Date of Award

2014

Degree Type

Dissertation

Degree Name

Doctor of Philosophy (PhD)

Graduate Group

Epidemiology & Biostatistics

First Advisor

Sean Hennessy

Abstract

Dairy production is a rapidly expanding sector of animal agriculture in lower/middle income countries (LMICs) where small farms generally constitute the majority of producers. Antibiotics are commonly used in dairy medicine to treat sick animals and healthy animals during periods of stress. These uses can improve animal health and productivity but can also contribute to antibiotic resistance among bacteria isolated from animals and humans. Furthermore, when antibiotic residues remain in the final food product, consumers can be chronically exposed to low levels of antibiotics. Residues can also diminish the economic value of the food product through interference with cultures necessary for processed products.

Very little is known about antibiotic use on small dairy farms in LMICs. If the judicious use of antibiotics is to be promoted, it is essential to understand how and why antibiotics are currently used on these farms. This study aimed to understand how and why antibiotics are used on small dairy farms in Cajamarca, a major dairy-producing region of Peru, and to improve the methods used to collect this type of pharmacoepidemiologic data.

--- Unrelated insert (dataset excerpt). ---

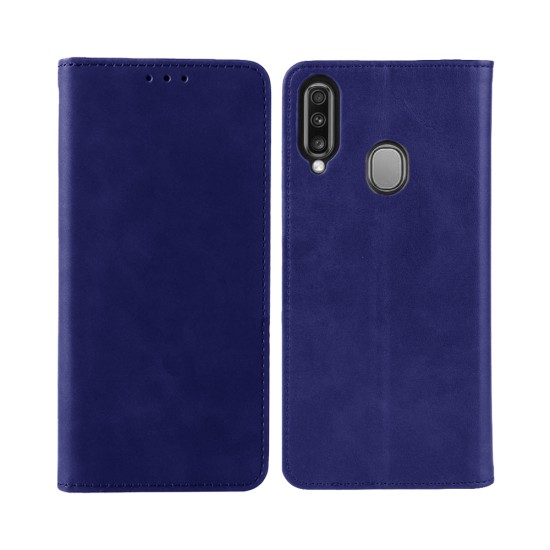 Leather Flip Cover with Internal Pocket For Samsung Galaxy A20s Blue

We found that antibiotics are infrequently used (0.48 episodes of treated disease per cow-year) and that few active ingredients are used. The use of antibiotics did not always appear to follow clinical guidelines, a finding that was confirmed by interviews with prescribers (veterinarians and feed-store vendors). The point prevalence of contamination of milk with antibiotic residues on a given day for a commercial milk route was low (0-4.2%), but 92% of farmers who were treating their cows with antibiotics sold contaminated milk. The farmer's knowledge of antibiotics and the purchaser of the milk were significantly associated with the self-reported sale of milk from treated cows. Finally, the use of self-report to collect data on antibiotic use on small farms is inadequate and could be improved by collecting discarded drug packaging from farmers.

These findings suggest that improved prescribing practices and management on the farms are needed to improve animal health and the judicious use of antibiotics. In addition, milk purchasers must implement measures to incentivize farmers to withhold milk contaminated with antibiotic residues.